Com José Mourinho de saída para os ingleses do Chelsea e uma aposta efémera no italiano Luigi del Neri em pleno defeso, o espanhol Víctor Fernández orientou a derrota frente aos compatriotas do Valência (1-2) na Supertaça Europeia, prova na qual os ‘dragões’ já tinham vacilado no ano anterior frente aos italianos do AC Milan (0-1).

Seguiu-se novo triunfo na Taça Intercontinental em Tóquio, no desempate por penáltis com os colombianos do Once Caldas (8-7, após empate 0-0 no final do prolongamento), em 12 de dezembro, numa altura em que Pinto da Costa já era visado fora dos relvados.

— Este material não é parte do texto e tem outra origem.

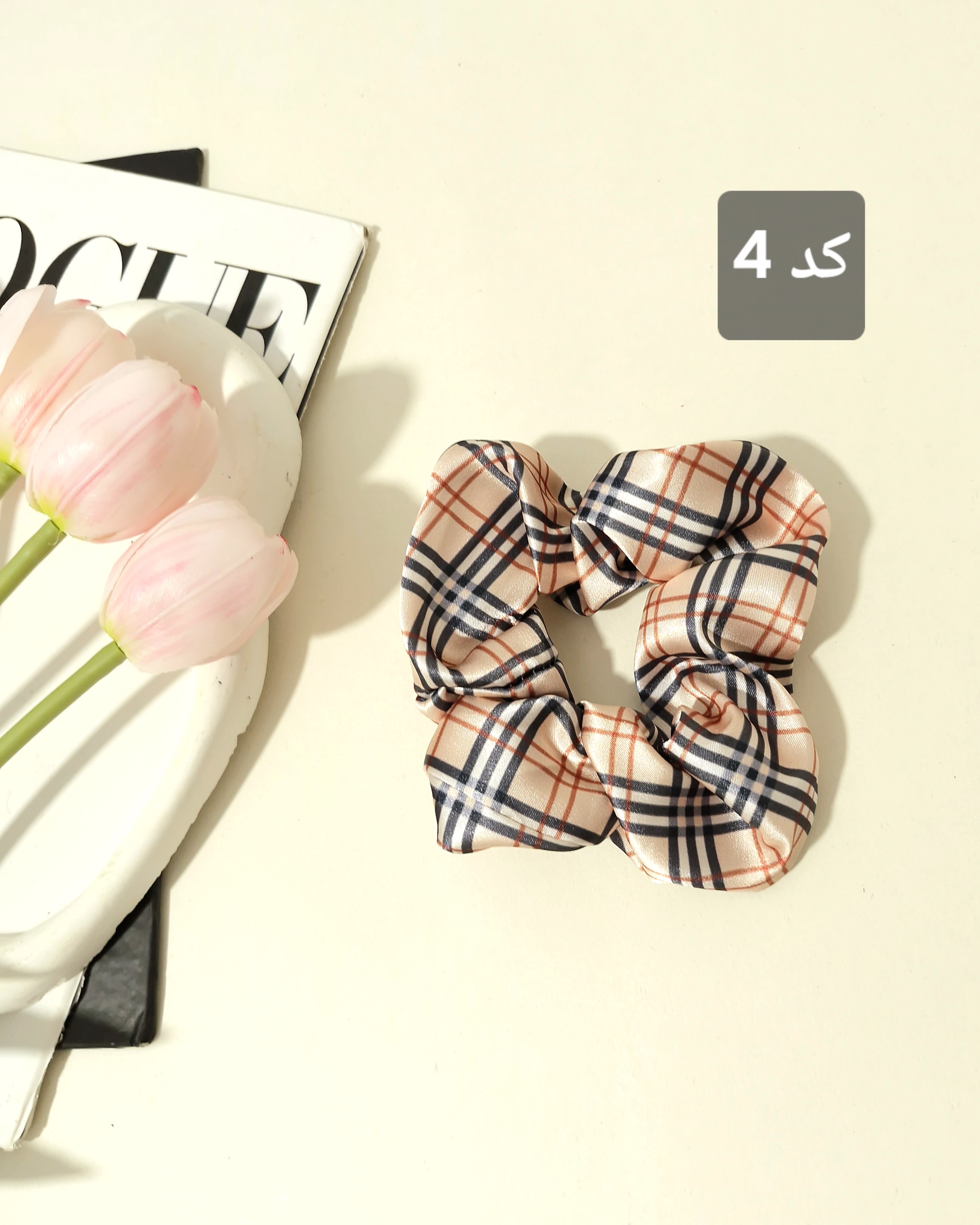 کش مو اسکرانچی ساتن طرح دار lv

Apito Dourado: uma mancha na presidência de Pinto da Costa

Desencadeado em abril de 2004, o processo Apito Dourado investigou alegados casos de corrupção no futebol português, tráfico de influências e coação sobre árbitros, levantando suspeitas sobre o presidente do FC Porto nos jogos com o Estrela da Amadora (2-0), e o Beira-Mar (0-0), para as 19.ª e 31.ª jornadas da edição 2003/04 da I Liga, respetivamente.

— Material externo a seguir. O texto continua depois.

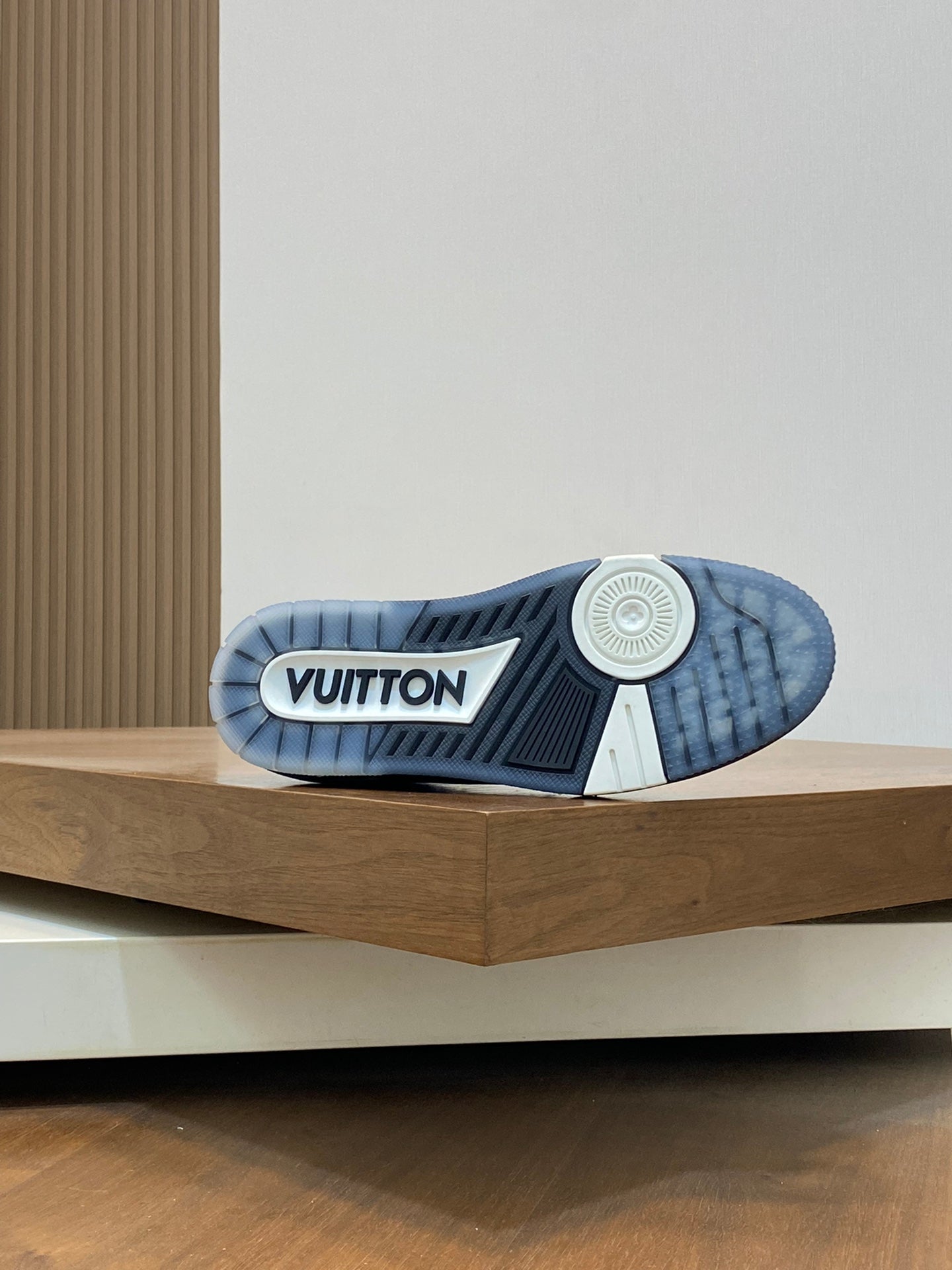 Louis Vuitton sneakers 39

Em 02 de dezembro, a Polícia Judiciária (PJ) rumou com mandados de busca e detenção à residência de Pinto da Costa, que não estava no local, mas apresentou-se no dia seguinte em tribunal e viria a sair em liberdade, mediante uma caução de 200 mil euros.

Apesar de não constar da acusação do Ministério Público (PJ), foi novamente visado em dezembro de 2006, quando a ex-companheira Carolina Salgado, de quem se tinha separado no início daquele ano, revelou histórias controversas vividas entre ambos no livro "Eu, Carolina", que bateu recordes de vendas e deu origem ao filme “Corrupção”.

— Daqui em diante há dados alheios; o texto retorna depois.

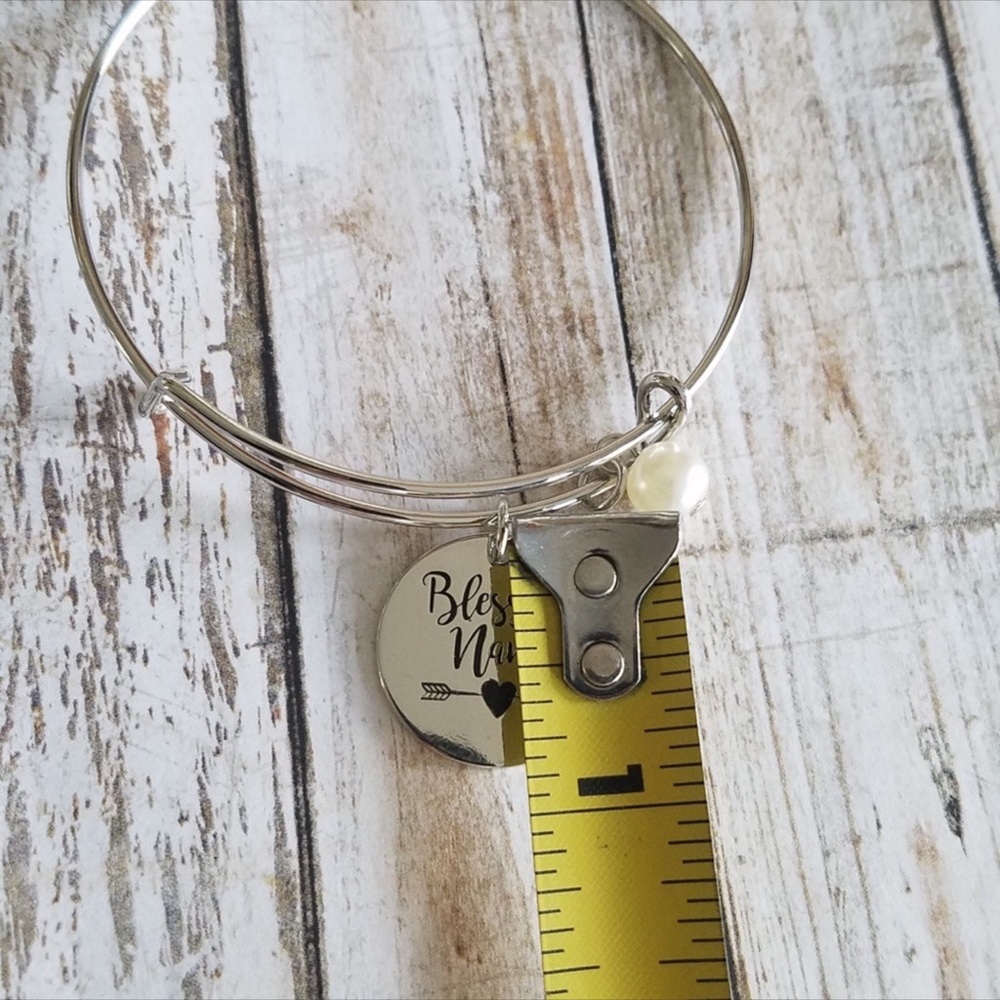 BLESSED NANA stamped bracelet - Picture 5 of 6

O processo foi reaberto meses depois, mas o Tribunal Constitucional fez cair a maioria das acusações, ao considerar ilegal a utilização de escutas telefónicas, que tinham sido difundidas na Internet e eram a principal prova contra Pinto da Costa e outros arguidos.

O Apito Dourado despoletou na justiça desportiva o processo Apito Final, que, em maio de 2008, viu a Comissão Disciplinar (CD) da Liga Portuguesa de Futebol Profissional (LPFP) suspender o dirigente por dois anos e subtrair seis pontos ao FC Porto, que tinha sido tricampeão nacional em 2007/08, com 75 pontos, 20 sobre o Sporting, segundo colocado.

Essas decisões seriam anuladas pelo Conselho de Justiça (CJ) da Federação Portuguesa de Futebol (FPF) em julho de 2017, quatro meses antes de Pinto da Costa ser também absolvido na Operação Fénix das suspeitas de contratação ilegal de segurança privada.

Nessa altura, o FC Porto já tinha abastecido o seu museu com a última conquista além-fronteiras, ao lograr a Liga Europa numa final 100% portuguesa com o Sporting de Braga (1-0), em 18 de maio de 2011, em Dublin, na República da Irlanda, sob alçada de André Villas-Boas.

O mais jovem técnico de sempre a vencer uma prova de clubes da UEFA festejou quatro troféus em cinco possíveis em 2010/11, a única época em que orientou o atual recordista de títulos no futebol luso, ao qual voltaria 13 anos depois para derrotar com estrondo Pinto da Costa nas eleições mais participadas da história ‘azul e branca’ e iniciar uma nova era presidencial.